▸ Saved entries
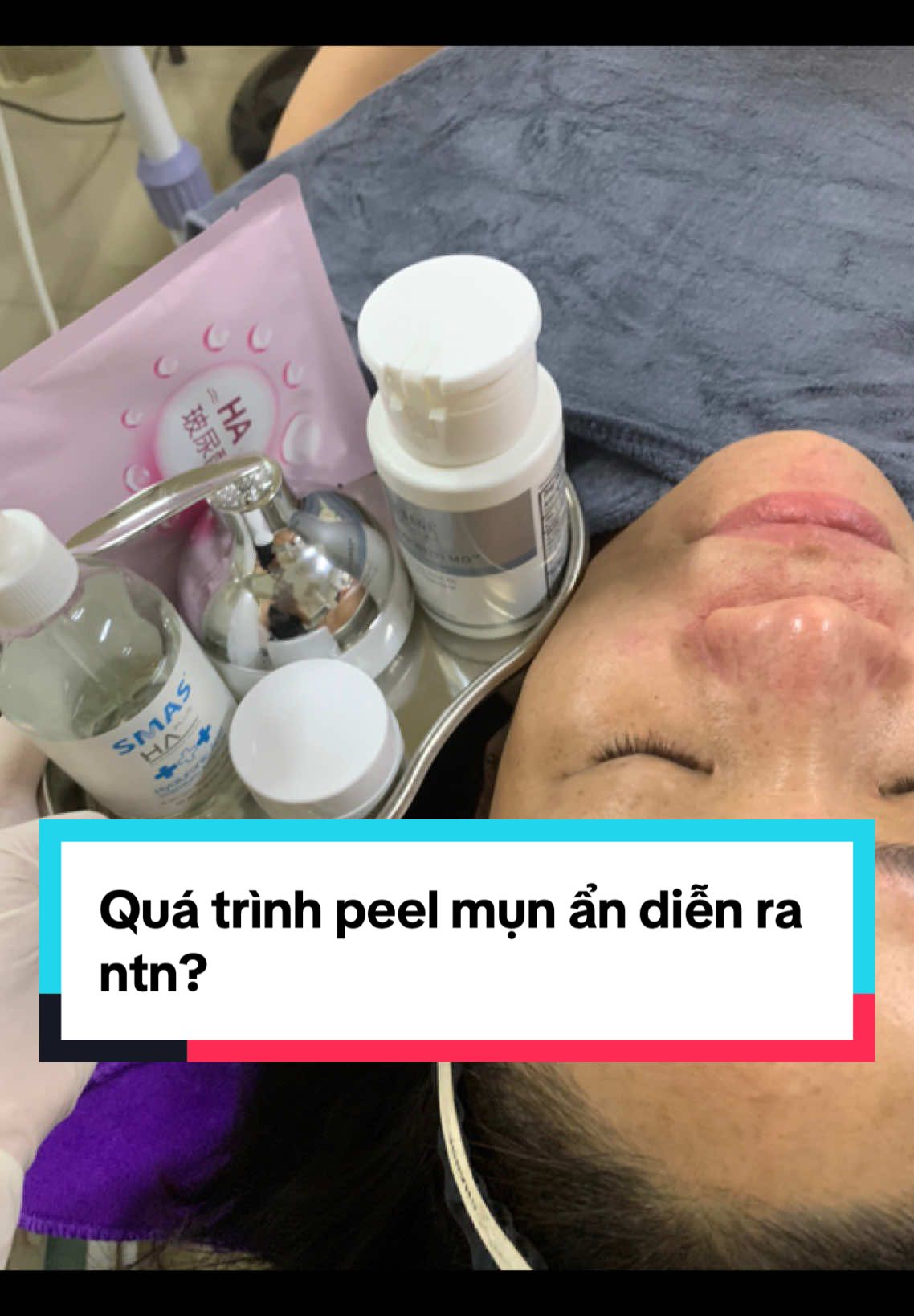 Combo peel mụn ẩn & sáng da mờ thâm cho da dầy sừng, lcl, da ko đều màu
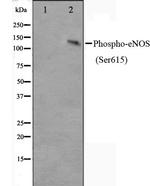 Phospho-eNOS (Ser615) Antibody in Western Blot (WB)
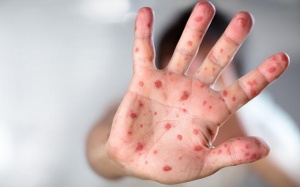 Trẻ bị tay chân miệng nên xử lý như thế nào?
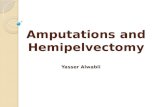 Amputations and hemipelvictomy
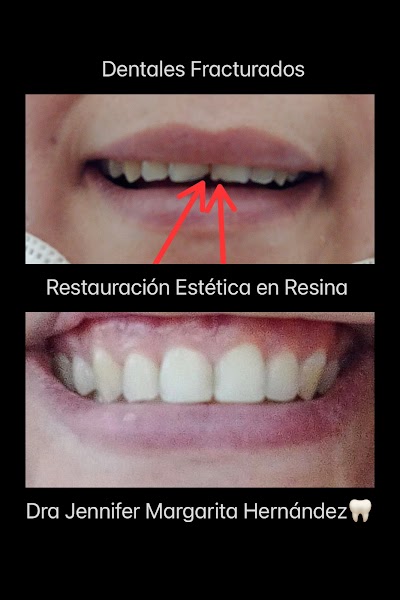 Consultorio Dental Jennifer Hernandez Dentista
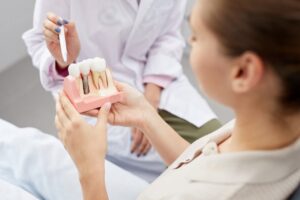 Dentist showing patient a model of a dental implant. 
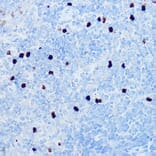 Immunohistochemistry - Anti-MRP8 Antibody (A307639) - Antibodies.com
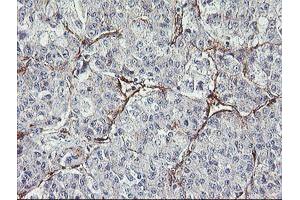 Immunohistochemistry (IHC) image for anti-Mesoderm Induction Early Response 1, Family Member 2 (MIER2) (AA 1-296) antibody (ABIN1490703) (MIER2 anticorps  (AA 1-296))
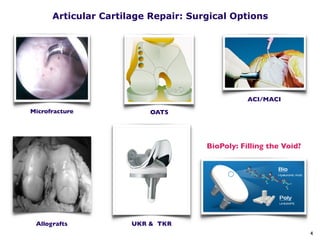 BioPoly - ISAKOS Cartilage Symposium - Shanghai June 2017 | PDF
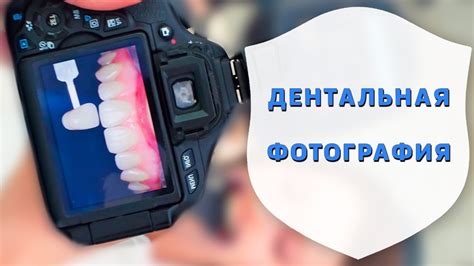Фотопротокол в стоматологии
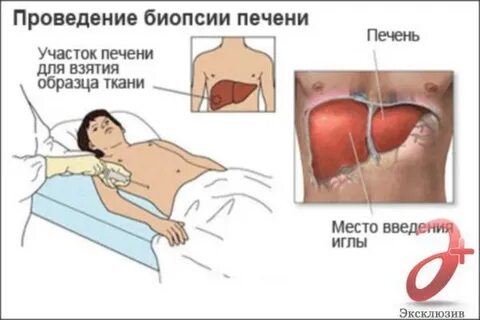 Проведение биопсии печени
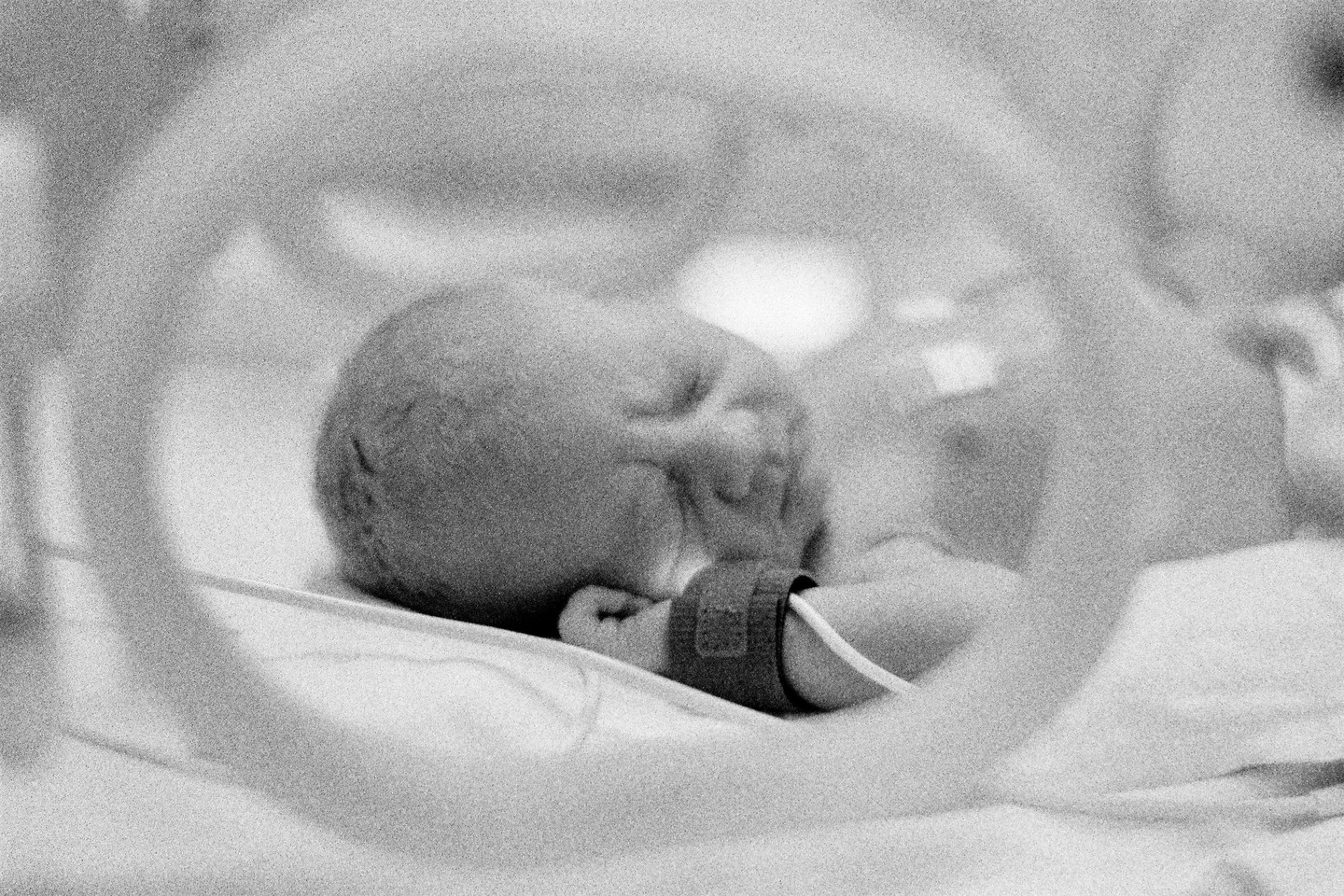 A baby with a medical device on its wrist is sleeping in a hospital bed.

--

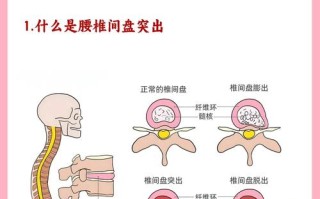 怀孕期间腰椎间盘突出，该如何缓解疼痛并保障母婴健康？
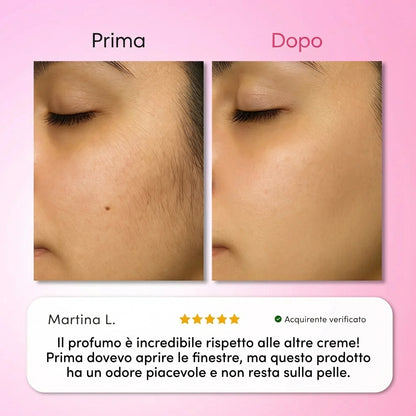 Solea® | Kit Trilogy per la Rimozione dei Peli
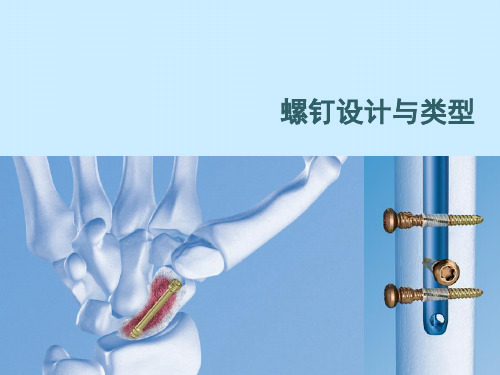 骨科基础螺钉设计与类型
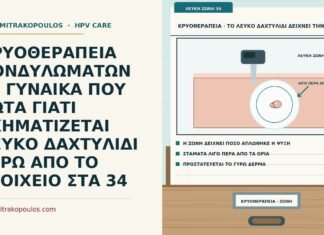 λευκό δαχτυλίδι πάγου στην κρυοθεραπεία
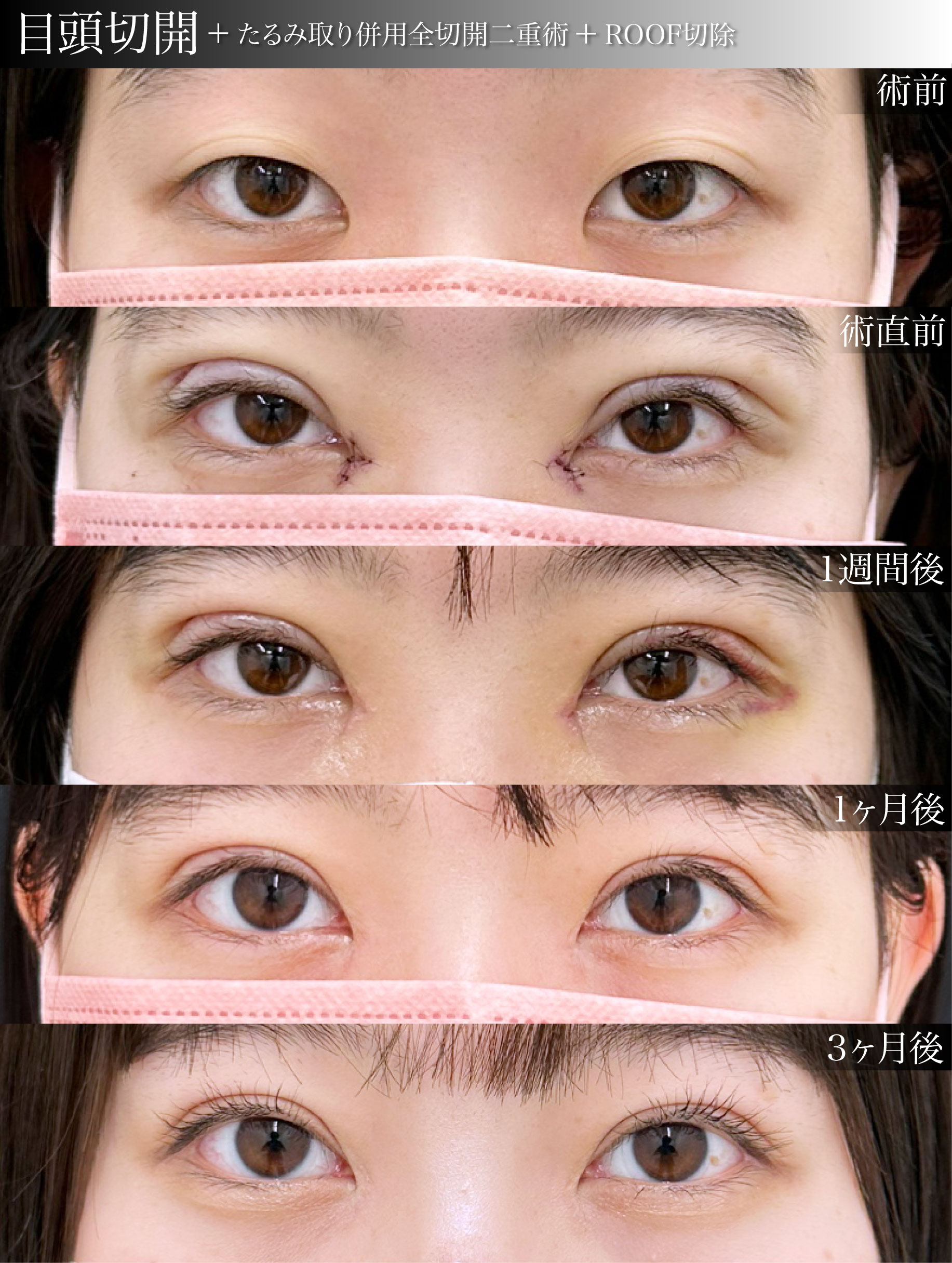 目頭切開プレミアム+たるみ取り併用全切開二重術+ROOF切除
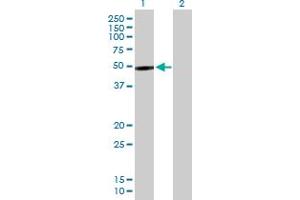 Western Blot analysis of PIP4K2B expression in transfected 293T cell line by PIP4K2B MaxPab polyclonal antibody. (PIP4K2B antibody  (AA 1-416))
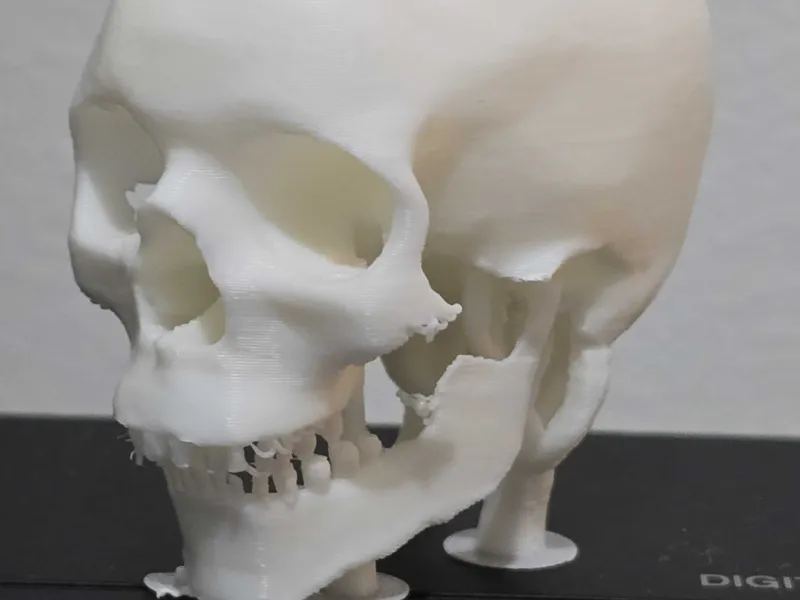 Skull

▸ About this exercise
Each line between the one holding "Combo peel mụn" and the one holding "A baby with", inclusive, should be copied exactly as it appears above, and pictures should be omitted.

▸ Completed task
 Combo peel mụn ẩn & sáng da mờ thâm cho da dầy sừng, lcl, da ko đều màu
 Phospho-eNOS (Ser615) Antibody in Western Blot (WB)
 Trẻ bị tay chân miệng nên xử lý như thế nào?
 Amputations and hemipelvictomy
 Consultorio Dental Jennifer Hernandez Dentista
 Dentist showing patient a model of a dental implant. 
 Immunohistochemistry - Anti-MRP8 Antibody (A307639) - Antibodies.com
 Immunohistochemistry (IHC) image for anti-Mesoderm Induction Early Response 1, Family Member 2 (MIER2) (AA 1-296) antibody (ABIN1490703) (MIER2 anticorps  (AA 1-296))
 BioPoly - ISAKOS Cartilage Symposium - Shanghai June 2017 | PDF
Фотопротокол в стоматологии
 Проведение биопсии печени
 A baby with a medical device on its wrist is sleeping in a hospital bed.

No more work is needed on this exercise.